Stored data:
━━━━━━━━━━

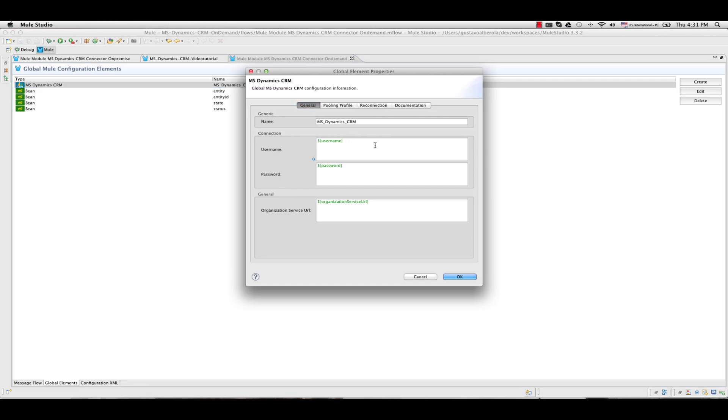Username and password are the ones that you use to login into the Dynamics CRM account online. The Organization Service is the URL of the SVC that you can find inside your Dynamics CRM instance under Settings, Customization, Developer Resources and pick the Organization Service URL.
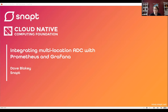Welcome everyone. I'd like to thank everyone for joining us today. This is the CNCF's webinar: Integrating Multilocation ADC with Prometheus and Grafana. I'm Kazlan Fields, a Developer Advocate with Google and a CNCF Ambassador, and I'll be moderating today's webinar. We'd like to welcome our presenter today, Dave Blakey, the CEO from Snapped Inc.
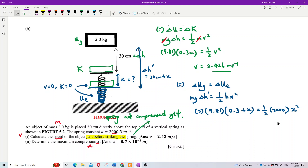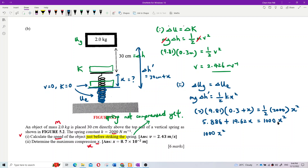Expanding the equation: 9.81 × 0.3 gives 5.886, and expanding fully we get 1000x² − 19.62x − 5.886 = 0. This is a quadratic equation that we need to solve with a calculator.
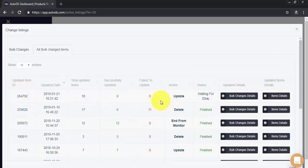I hope you have enjoyed this quick overview of Bulk Change and AutoDS. Thank you so much for watching.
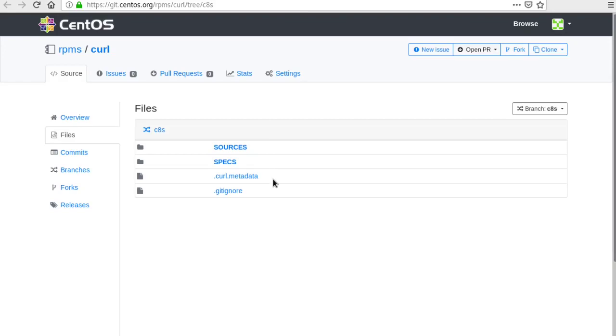Here's what it looks like in the git view itself. You can see the sources and the specs directory and drill down into each one of those depending on what you're interested in.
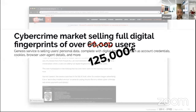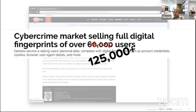A final example of this evolution: attackers began not only to pretend to be a generic human by encoding random mouse movements, clicks, and key-press cadence — they started to be very good at emulating specific human behaviors and even specific user identities.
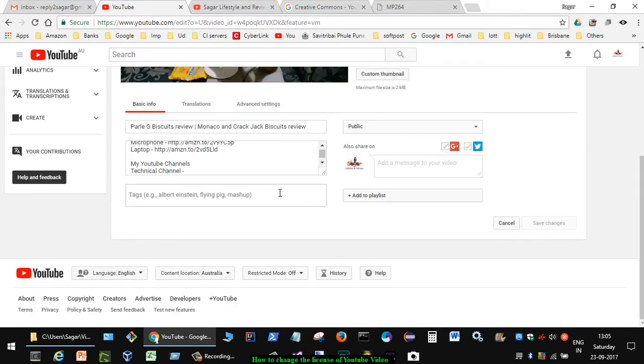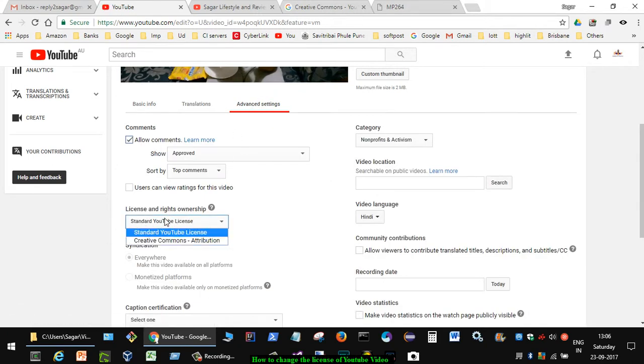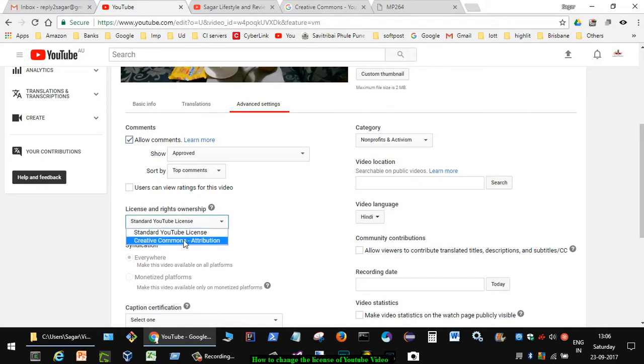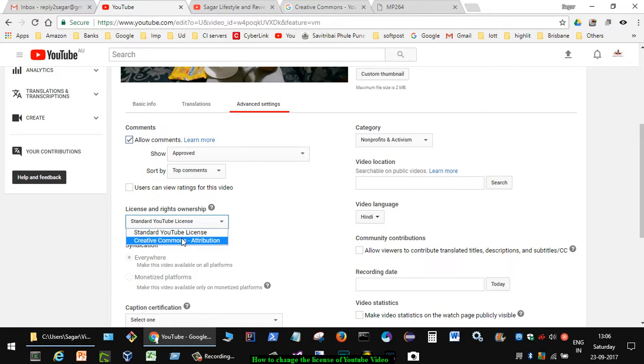In the Advanced Settings, you have to go in that tab. There you will see that License and Rights Ownership: Standard YouTube License or Creative Commons Attribution License. If you select this Creative Commons Attribution license, then...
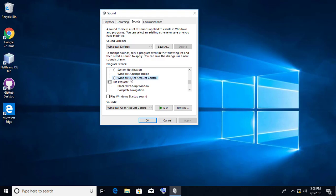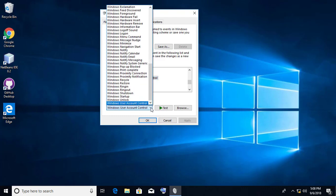Select Windows User Account Control. Change Default Sounds to None.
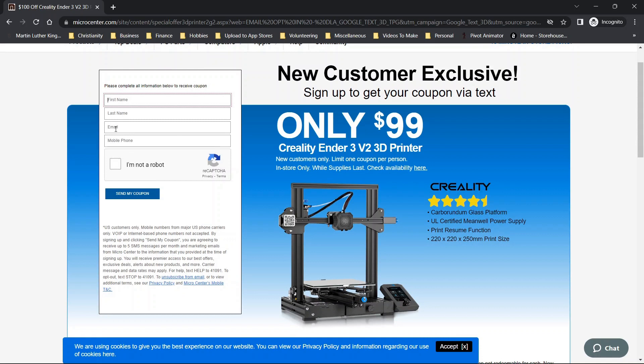Now you will need an email and phone number that you have not used previously, but then you'll be able to get that coupon texted to your phone.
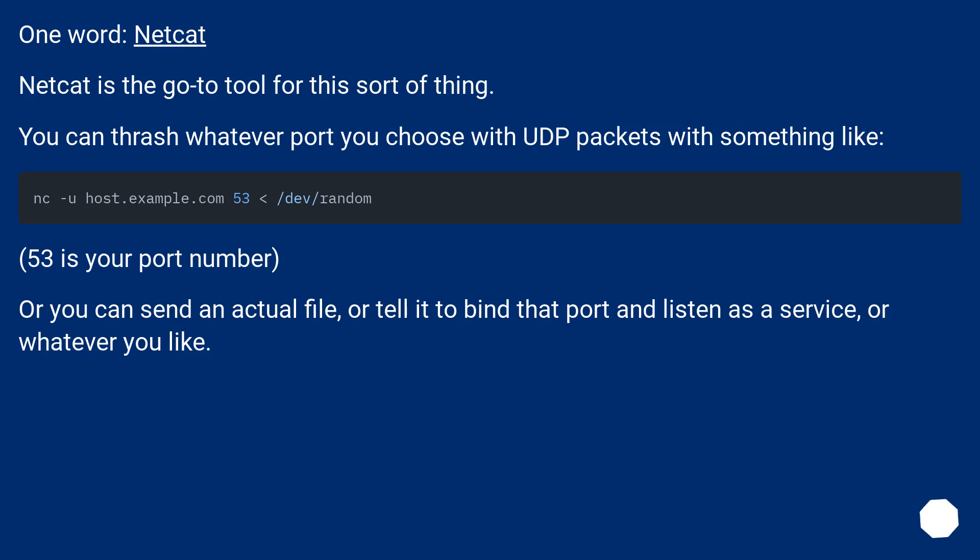You can thrash whatever port you choose with UDP packets with something like nc -u host.example.com 53 < /dev/random. 53 is your port number. Or you can send an actual file, or tell it to bind that port and listen as a service, or whatever you like.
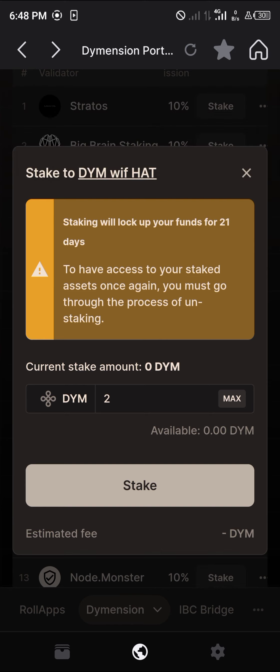Comment down below if you have any questions about how to stake Dimension. You'll be given an answer. Thank you.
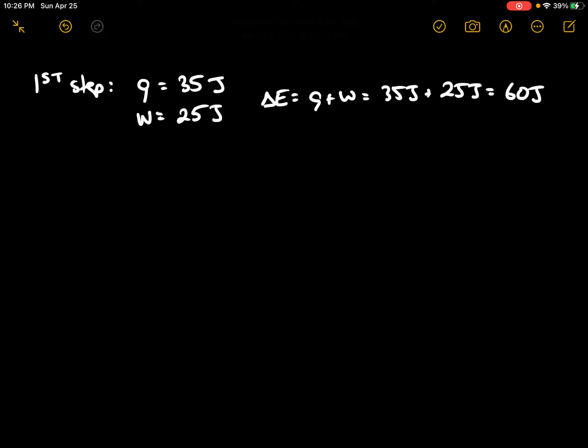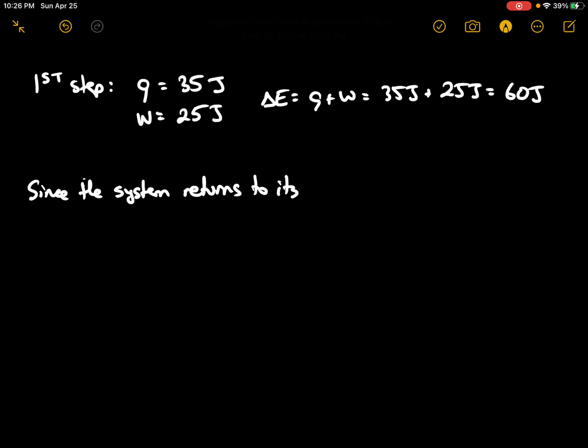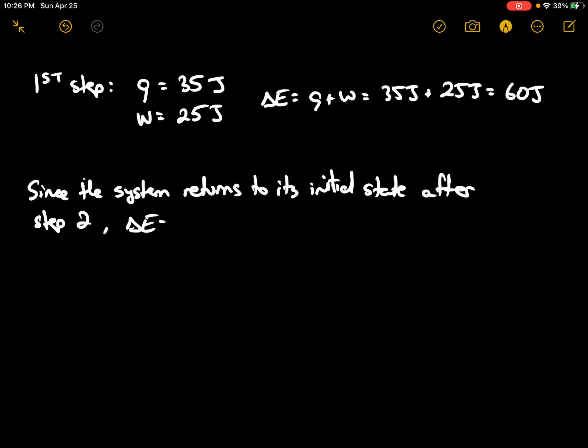And then it'll return to its initial state by a second step. So since the system returns to its initial state after step 2, the delta E here would be negative 60 joules.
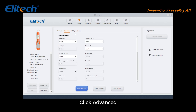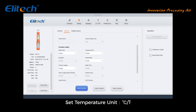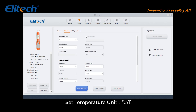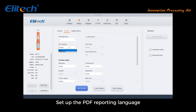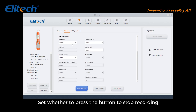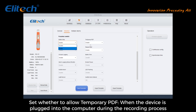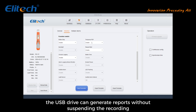Click Advanced to access additional settings. Set the temperature unit to degrees Celsius or degrees Fahrenheit. Set a password — after setting configuration parameters and data reports, you will need to enter the password to continue operations. Set the PDF reporting language, and set whether pressing the button can stop recording. Set whether to allow a temporary PDF when the device is plugged into the computer during recording — the USB drive can generate reports without suspending the recording.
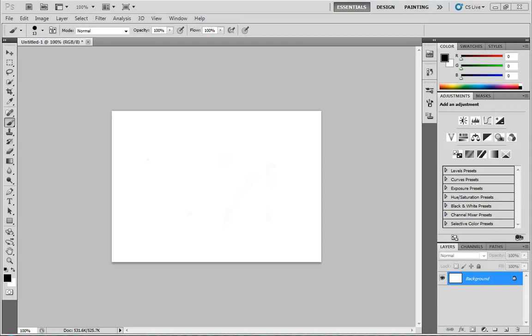These brushes are for all kinds of specialty applications that you might want to dig into. Now here I am inside of a brand new document in Photoshop.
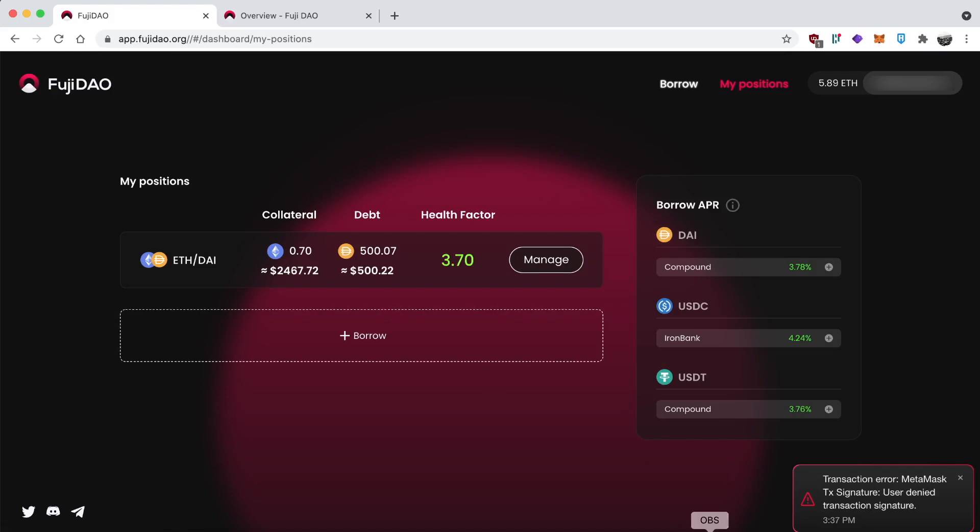But anyways, let's talk about my position right now. You can see I used ETH to borrow DAI. I borrowed $500 worth of DAI using 0.7 ETH as collateral. You can see it has a high health factor. If you don't want to do the math, you can see it's in the green. Green is good. And yeah, there's that button on the right side that says manage. You can add collateral, take away collateral. You can also pay off your loan, whatever you want to do.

━━━━━━━━━━

=== AIM OF THE EXERCISE ===
The result should be a precise copy of all the entries, free of pictures.

=== ANSWER FOR THE TASK ===
Username and password are the ones that you use to login into the Dynamics CRM account online. The Organization Service is the URL of the SVC that you can find inside your Dynamics CRM instance under Settings, Customization, Developer Resources and pick the Organization Service URL.
Welcome everyone. I'd like to thank everyone for joining us today. This is the CNCF's webinar: Integrating Multilocation ADC with Prometheus and Grafana. I'm Kazlan Fields, a Developer Advocate with Google and a CNCF Ambassador, and I'll be moderating today's webinar. We'd like to welcome our presenter today, Dave Blakey, the CEO from Snapped Inc.
Expanding the equation: 9.81 × 0.3 gives 5.886, and expanding fully we get 1000x² − 19.62x − 5.886 = 0. This is a quadratic equation that we need to solve with a calculator.
I hope you have enjoyed this quick overview of Bulk Change and AutoDS. Thank you so much for watching.
Here's what it looks like in the git view itself. You can see the sources and the specs directory and drill down into each one of those depending on what you're interested in.
A final example of this evolution: attackers began not only to pretend to be a generic human by encoding random mouse movements, clicks, and key-press cadence — they started to be very good at emulating specific human behaviors and even specific user identities.
In the Advanced Settings, you have to go in that tab. There you will see that License and Rights Ownership: Standard YouTube License or Creative Commons Attribution License. If you select this Creative Commons Attribution license, then...
Select Windows User Account Control. Change Default Sounds to None.
Now you will need an email and phone number that you have not used previously, but then you'll be able to get that coupon texted to your phone.
You can thrash whatever port you choose with UDP packets with something like nc -u host.example.com 53 < /dev/random. 53 is your port number. Or you can send an actual file, or tell it to bind that port and listen as a service, or whatever you like.
Comment down below if you have any questions about how to stake Dimension. You'll be given an answer. Thank you.
And then it'll return to its initial state by a second step. So since the system returns to its initial state after step 2, the delta E here would be negative 60 joules.
Click Advanced to access additional settings. Set the temperature unit to degrees Celsius or degrees Fahrenheit. Set a password — after setting configuration parameters and data reports, you will need to enter the password to continue operations. Set the PDF reporting language, and set whether pressing the button can stop recording. Set whether to allow a temporary PDF when the device is plugged into the computer during recording — the USB drive can generate reports without suspending the recording.
These brushes are for all kinds of specialty applications that you might want to dig into. Now here I am inside of a brand new document in Photoshop.
But anyways, let's talk about my position right now. You can see I used ETH to borrow DAI. I borrowed $500 worth of DAI using 0.7 ETH as collateral. You can see it has a high health factor. If you don't want to do the math, you can see it's in the green. Green is good. And yeah, there's that button on the right side that says manage. You can add collateral, take away collateral. You can also pay off your loan, whatever you want to do.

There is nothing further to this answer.